The South Korean company trades at a 74% discount to its net asset value as investors see it more as a struggling petrochemicals company, while dismissing its strong battery business, according to Palliser’s founder and Chief Investment Officer James Smith.
LG Chem shares have lost 20% in the last 12 months and have lagged their peers. “This thing is crazy, crazy, crazy cheap,” he said at the 13D Monitor Active Passive Investment Summit in New York.
Palliser did not disclose the size of its holding in LG Chem.
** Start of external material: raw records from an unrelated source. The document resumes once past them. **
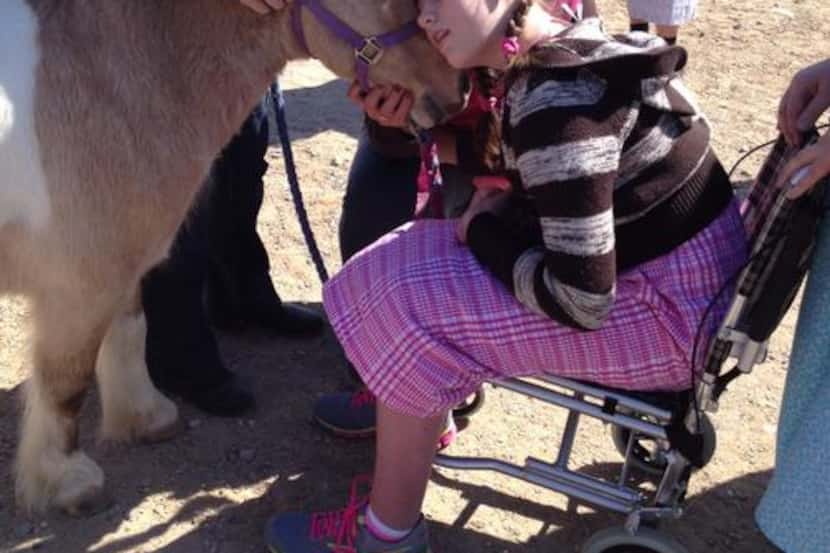 
Miranda Nightingale of Oklahoma bonds with Sugar, a miniature therapy horse from Equest at...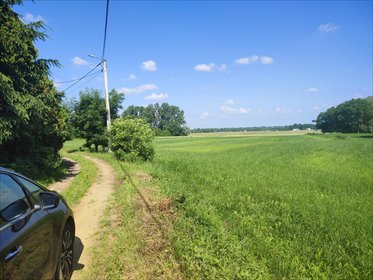 działka na sprzedaż 1500m2 działka Pilitowo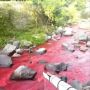 Misterius, Air Sungai Ini Berubah Warna Jadi Merah Darah, Netizen Ikut Cari Tahu Penyebabnya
LG Chem owns 82% of LG Energy Solution, a major supplier of batteries for automakers including Toyota and Tesla.
Smith blamed a lack of trust in LG Chem’s corporate governance, a lack of alignment with shareholders as well as poor capital allocation for a steep gap in valuation that Palliser believes should be at $65 billion.
“LG Chem has a tremendous opportunity to unlock value by closing its deep valuation discount,” Smith said. “We ask the board to formally evaluate the LG Chem Value Enhancement Plan and lead by example in advancing President Lee’s KOSPI 5,000 vision.”
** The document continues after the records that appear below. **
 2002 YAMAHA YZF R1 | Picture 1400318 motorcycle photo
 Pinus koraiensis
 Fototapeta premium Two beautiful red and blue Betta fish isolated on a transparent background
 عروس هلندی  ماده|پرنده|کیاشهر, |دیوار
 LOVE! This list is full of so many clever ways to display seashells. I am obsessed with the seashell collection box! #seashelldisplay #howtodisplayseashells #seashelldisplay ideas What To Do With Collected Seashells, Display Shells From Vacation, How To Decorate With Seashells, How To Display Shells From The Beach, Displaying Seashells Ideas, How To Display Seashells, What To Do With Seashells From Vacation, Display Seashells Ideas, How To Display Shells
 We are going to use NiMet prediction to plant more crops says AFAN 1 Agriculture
LG Chem declined to comment on Palliser’s remarks.
Under its November 2024 plan to enhance corporate value, the company said it would consider raising its payout ratio once returns from new investments in batteries and other new businesses generate profits.
President Lee Jae Myung, who took office in June, has stepped up pressure on listed companies to reform, saying the KOSPI could hit 5,000 within five years. The benchmark has risen 42% since he came to power, currently trading at around 3,800.
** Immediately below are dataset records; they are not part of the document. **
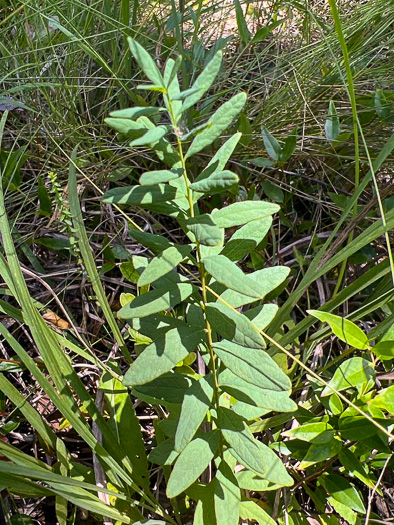 Comandra umbellata var. umbellata, Eastern Bastard-toadflax, Eastern Comandra, Star-toadflax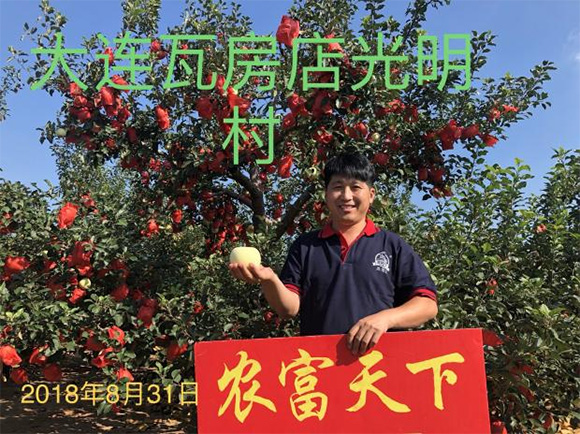 雙硫基全水溶復合肥料20-20-5-農(nóng)富天下4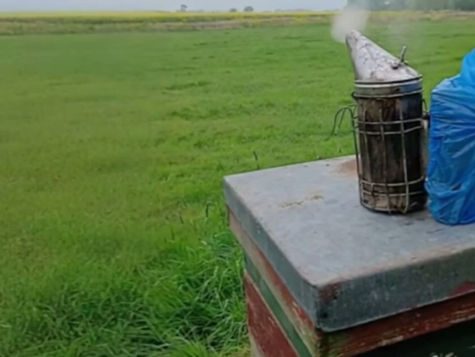 from a beekeepers smoker gently bellowing in the wind to bees on a frame to the honey we produce in our video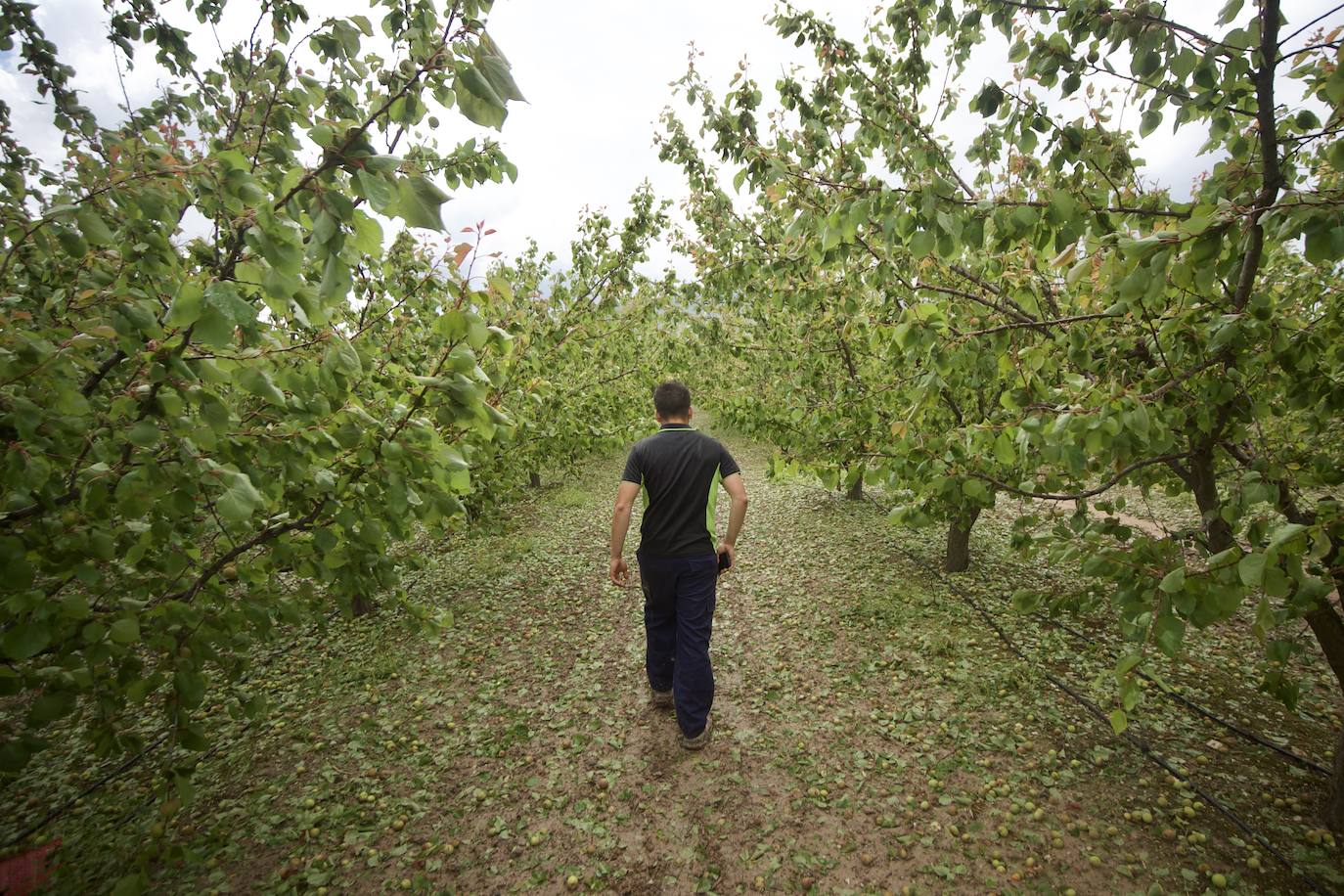 Fotos: Las consecuencias del tornado en Mula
This is not the first time Palliser targeted a South Korean family-owned conglomerate. Last year, it proposed and gained changes from chipmaker SK Hynix’s holding company, and Smith’s former company Elliott, has also previously targeted Samsung Electronics and Hyundai Motor in high-profile battles.
While Smith praised recent steps by LG Chem, including the sale of its polarizer business two years ago and the sale of a non-core water filter business this year, he said they are not enough.
The board needs to be refreshed with experts in advanced materials, electric vehicles and life sciences as its directors are academics who lack business management expertise and capital allocation experience, he said.
Smith also urged the company to buy back shares and maintain appropriate levels of net debt.